*** Provided material ***

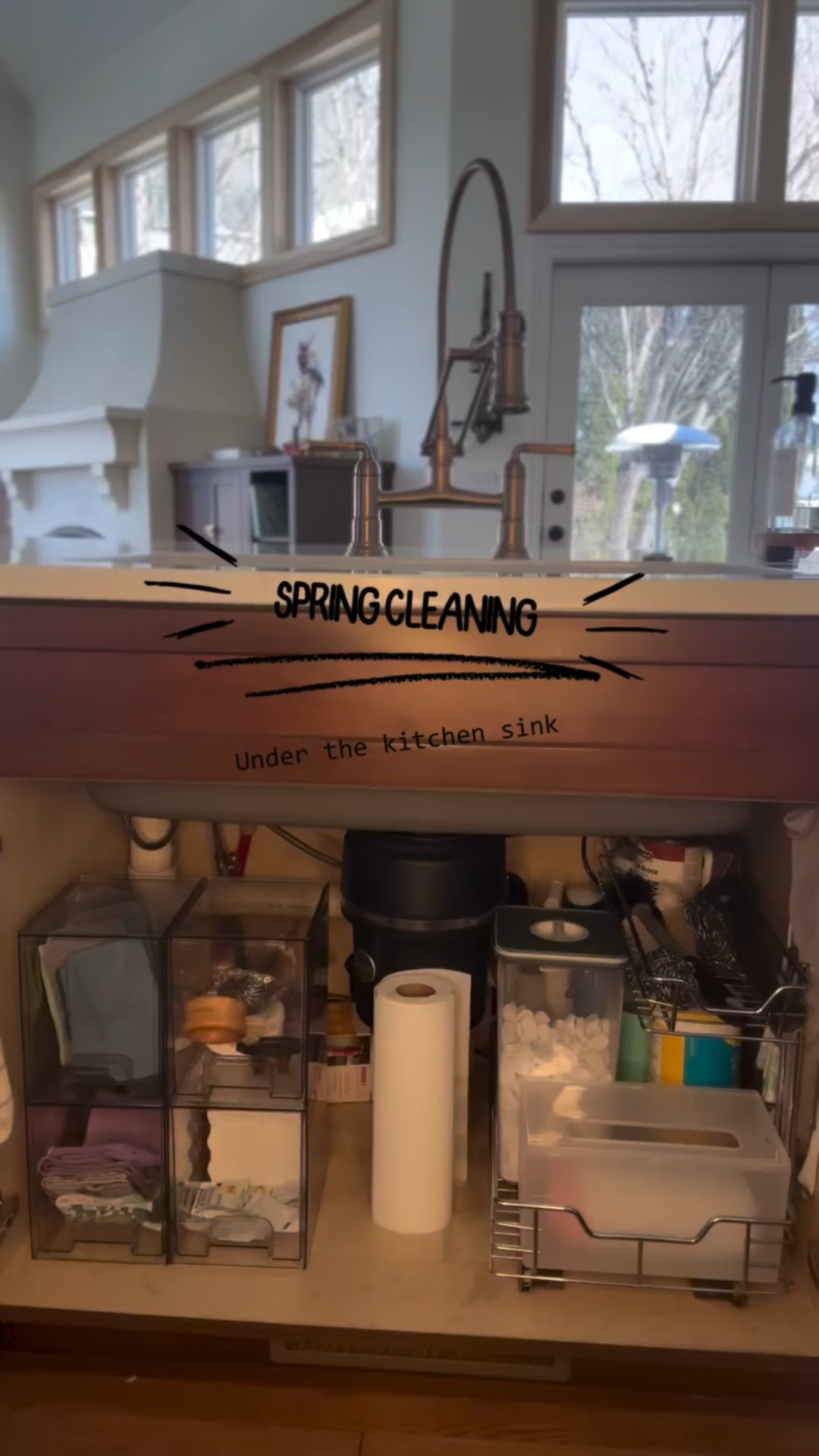 Order in the small places creates peace in the loud ones.

This isn’t about bins.
It’s about lowering the mental load.

When everything has a place, you stop overbuying, overthinking, and overcomplicating. Simple daily movements become seamless instead of frustrating. 

Fifteen quiet minutes can change how your whole week feels.

Start with one cabinet.

I linked my favorite under the sink organization tools and cleaning supplies 🫧🧼 

#homesystems #intentionalmotherhood #selfimprovement #midweekmotivation #organizedhome

#LTKHome #LTKdayinmylife #LTKmorningroutine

*** End of Provided material ***

When you transcribe the entries, reproduce each line exactly and skip any picture.

 Order in the small places creates peace in the loud ones.

This isn’t about bins.
It’s about lowering the mental load.

When everything has a place, you stop overbuying, overthinking, and overcomplicating. Simple daily movements become seamless instead of frustrating. 

Fifteen quiet minutes can change how your whole week feels.

Start with one cabinet.

I linked my favorite under the sink organization tools and cleaning supplies 🫧🧼 

#homesystems #intentionalmotherhood #selfimprovement #midweekmotivation #organizedhome

#LTKHome #LTKdayinmylife #LTKmorningroutine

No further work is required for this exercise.